Key:aInteger,value=1,valueClass=class java.lang.Integer

Although this approach can solve the problem, it usually requires serialization and deserialization using the same JSON tool.

For example, the above {"@ type": "java.util.HashMap", "aFloat": 3.0F, "aInteger": 1, "aLong": 2L} deserialization directly using jackson will report an error:

System.out.println ("- jackson -"); ObjectMapper objectMapper = new ObjectMapper (); Map jacksonMap = objectMapper.readValue (jsonStr, new TypeReference () {}); printMap (jacksonMap)

Error content:

-jackson-

Exception in thread "main" com.fasterxml.jackson.core.JsonParseException: Unexpected character ('F' (code 70)): was expecting comma to separate Object entries

At [Source: (String) "{" @ type ":" java.util.HashMap "," aFloat ": 3.0F," aInteger ": 1," aLong ": 2L}"; line: 1, column: 43]

At com.fasterxml.jackson.core.JsonParser._constructError (JsonParser.java:2391)

At com.fasterxml.jackson.core.base.ParserMinimalBase._reportError (ParserMinimalBase.java:735)

At com.fasterxml.jackson.core.base.ParserMinimalBase._reportUnexpectedChar (ParserMinimalBase.java:659)

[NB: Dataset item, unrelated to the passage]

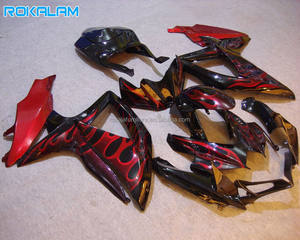 Kit de Carenado Rojo Llama para Suzuki <span class=keywords><strong>GSX</strong></span>-<span class=keywords><strong>R600</strong></span> <span class=keywords><strong>GSX</strong></span>-R750 2008 2009 2010 <span class=keywords><strong>K8</strong></span>, Carenados GSXR600 GSXR750 08 09 10, Piezas de Repuesto - Product Image 1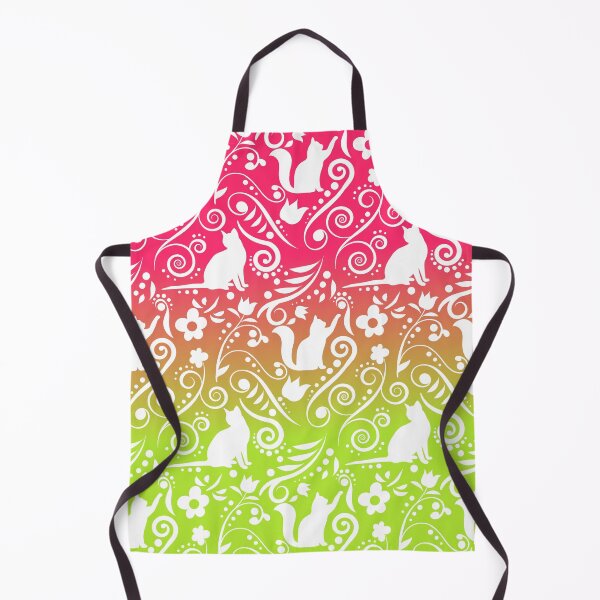 Item preview, Cat and Flowers - Grapefruit & Lime (Citrus Lover Collection) designed and sold by CreativityRoams.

3.1 provide POJO class, beware of Map serialization

It is strongly recommended that you don't be afraid of the trouble and define the POJO class directly.

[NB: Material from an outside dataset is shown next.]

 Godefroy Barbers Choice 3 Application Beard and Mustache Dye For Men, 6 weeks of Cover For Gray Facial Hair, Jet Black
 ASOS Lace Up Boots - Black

Not only is it not bound by the JSON framework, but also the other side is very clear when parsing, so it is not easy to make mistakes.

For example, when sending MQ messages at work, many people do not want to define POJO objects, because it is usually troublesome to package, so the data to be transmitted to other systems is defined as Map type, and then parsed downstream according to key, which is a very bad habit.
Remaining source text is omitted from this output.